### [Task instructions]
Write the data out again exactly, with every picture removed.

==== Records shown

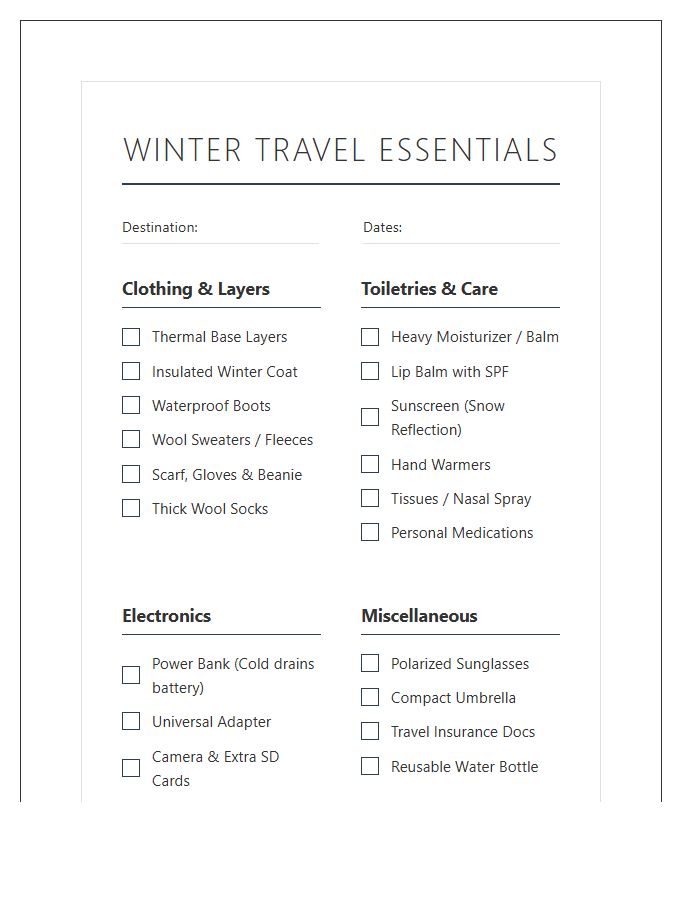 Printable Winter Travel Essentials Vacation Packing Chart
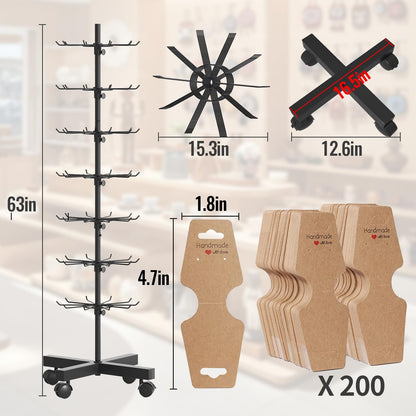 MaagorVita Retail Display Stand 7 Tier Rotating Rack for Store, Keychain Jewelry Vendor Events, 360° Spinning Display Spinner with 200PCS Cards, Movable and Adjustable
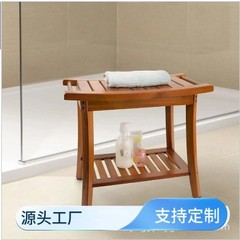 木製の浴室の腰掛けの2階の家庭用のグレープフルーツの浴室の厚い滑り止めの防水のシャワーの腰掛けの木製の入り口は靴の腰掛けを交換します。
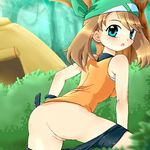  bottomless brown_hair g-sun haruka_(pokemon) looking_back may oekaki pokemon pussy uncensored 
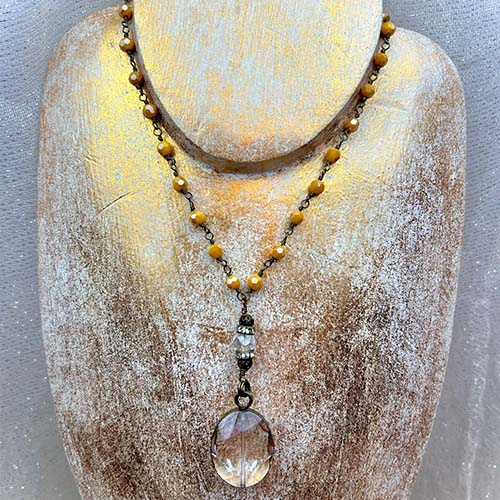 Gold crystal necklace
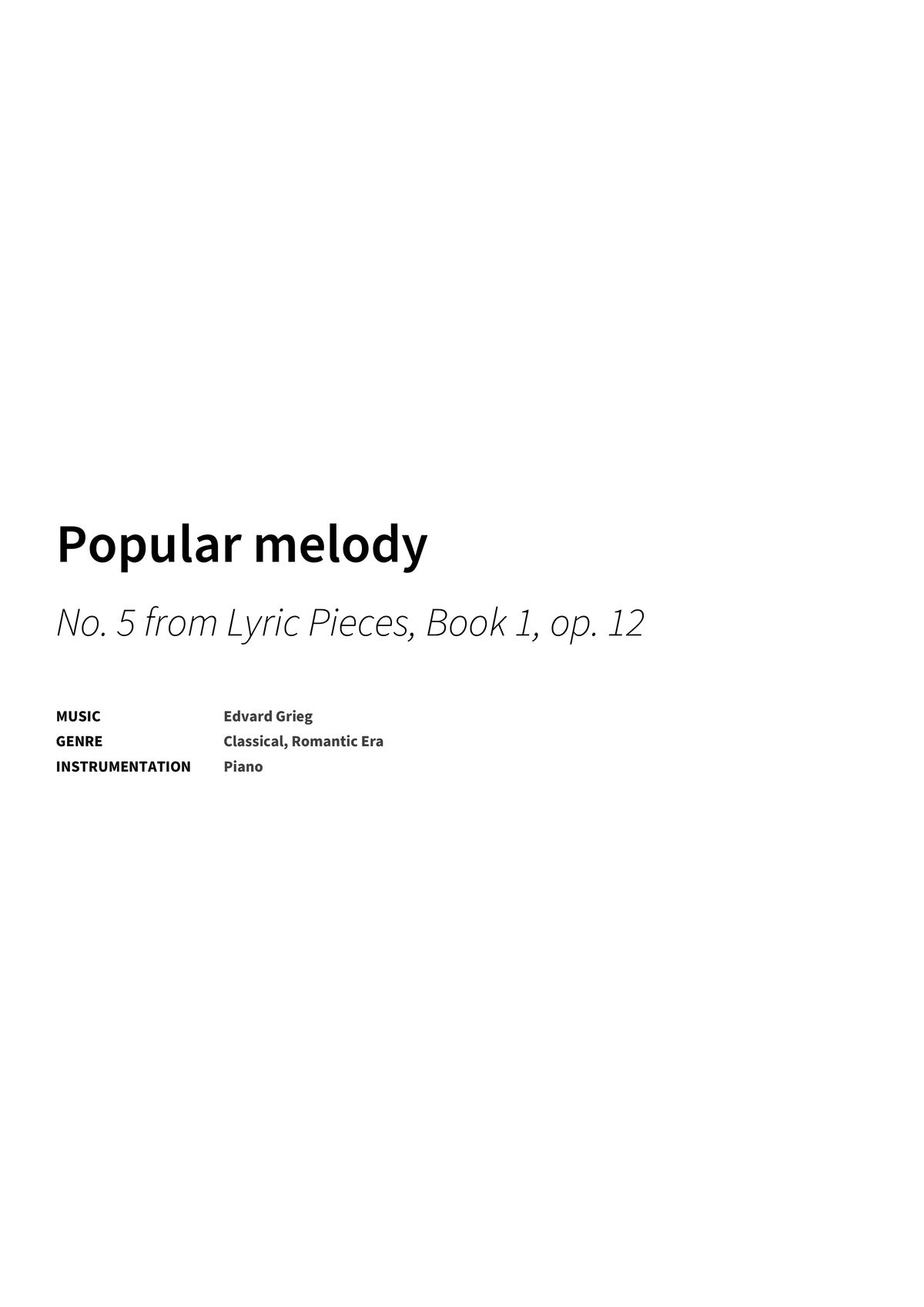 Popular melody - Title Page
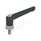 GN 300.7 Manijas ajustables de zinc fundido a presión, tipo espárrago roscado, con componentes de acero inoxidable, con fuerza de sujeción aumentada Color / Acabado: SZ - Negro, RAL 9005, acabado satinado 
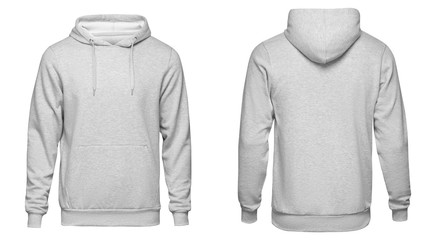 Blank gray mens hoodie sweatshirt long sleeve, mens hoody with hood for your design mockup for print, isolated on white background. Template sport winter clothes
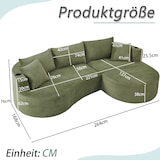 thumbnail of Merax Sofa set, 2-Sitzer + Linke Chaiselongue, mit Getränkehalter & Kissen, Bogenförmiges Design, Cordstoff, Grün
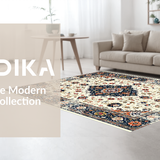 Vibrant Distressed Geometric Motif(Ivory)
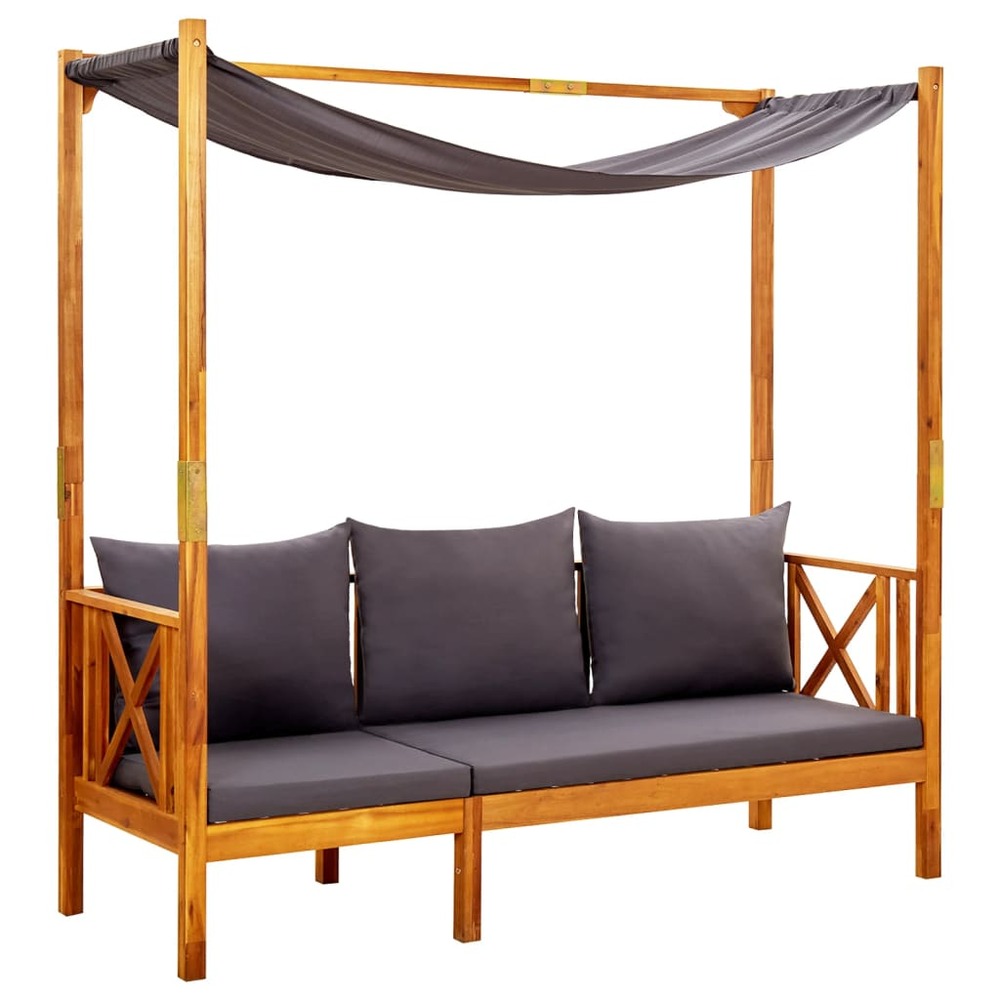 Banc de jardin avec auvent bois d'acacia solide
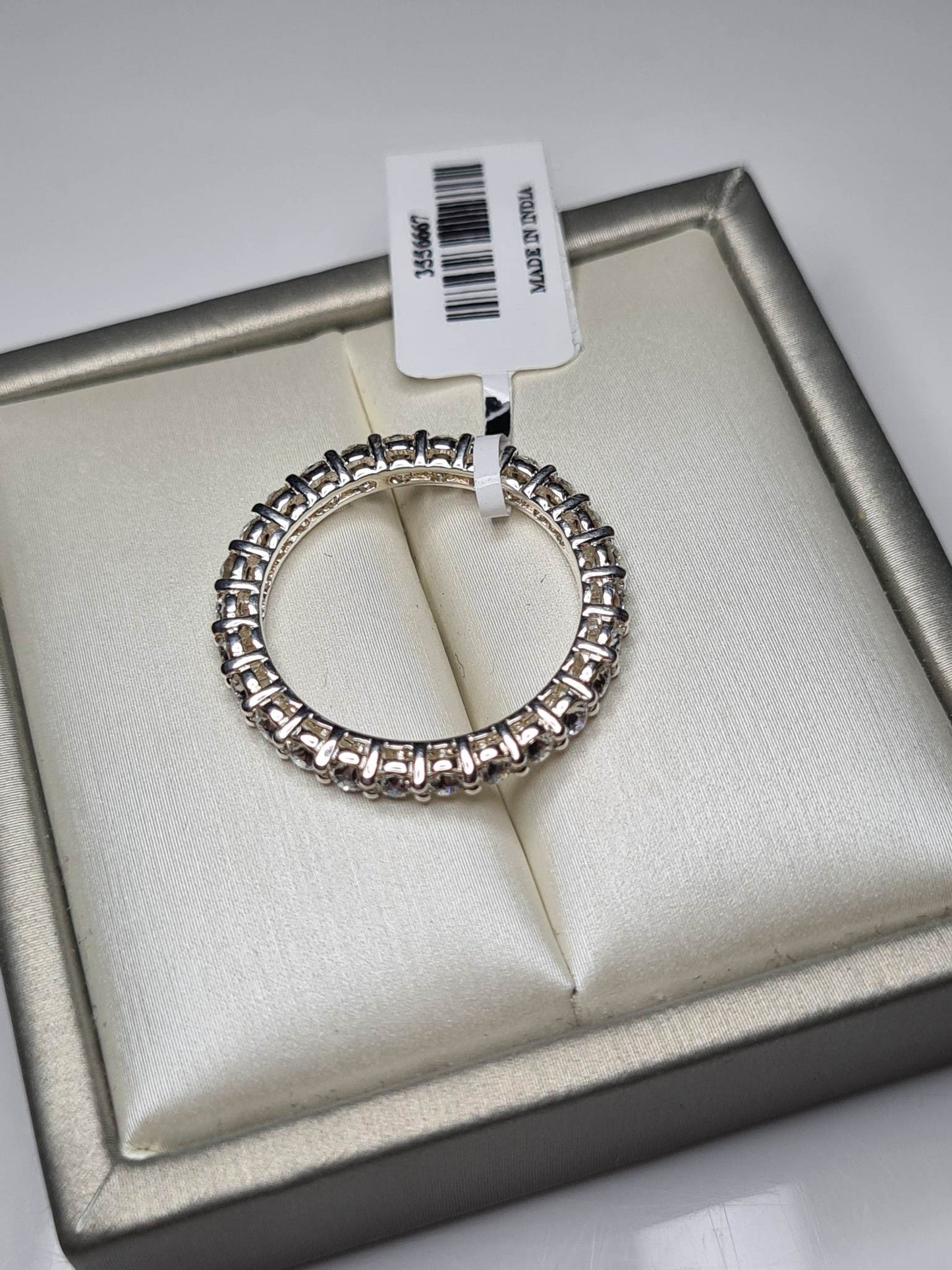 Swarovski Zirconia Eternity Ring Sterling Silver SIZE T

========

### [Answer area]
 Printable Winter Travel Essentials Vacation Packing Chart
 MaagorVita Retail Display Stand 7 Tier Rotating Rack for Store, Keychain Jewelry Vendor Events, 360° Spinning Display Spinner with 200PCS Cards, Movable and Adjustable
 木製の浴室の腰掛けの2階の家庭用のグレープフルーツの浴室の厚い滑り止めの防水のシャワーの腰掛けの木製の入り口は靴の腰掛けを交換します。
  bottomless brown_hair g-sun haruka_(pokemon) looking_back may oekaki pokemon pussy uncensored 
 Gold crystal necklace
 Popular melody - Title Page
 GN 300.7 Manijas ajustables de zinc fundido a presión, tipo espárrago roscado, con componentes de acero inoxidable, con fuerza de sujeción aumentada Color / Acabado: SZ - Negro, RAL 9005, acabado satinado 
 Blank gray mens hoodie sweatshirt long sleeve, mens hoody with hood for your design mockup for print, isolated on white background. Template sport winter clothes
 thumbnail of Merax Sofa set, 2-Sitzer + Linke Chaiselongue, mit Getränkehalter & Kissen, Bogenförmiges Design, Cordstoff, Grün
 Vibrant Distressed Geometric Motif(Ivory)
 Banc de jardin avec auvent bois d'acacia solide
 Swarovski Zirconia Eternity Ring Sterling Silver SIZE T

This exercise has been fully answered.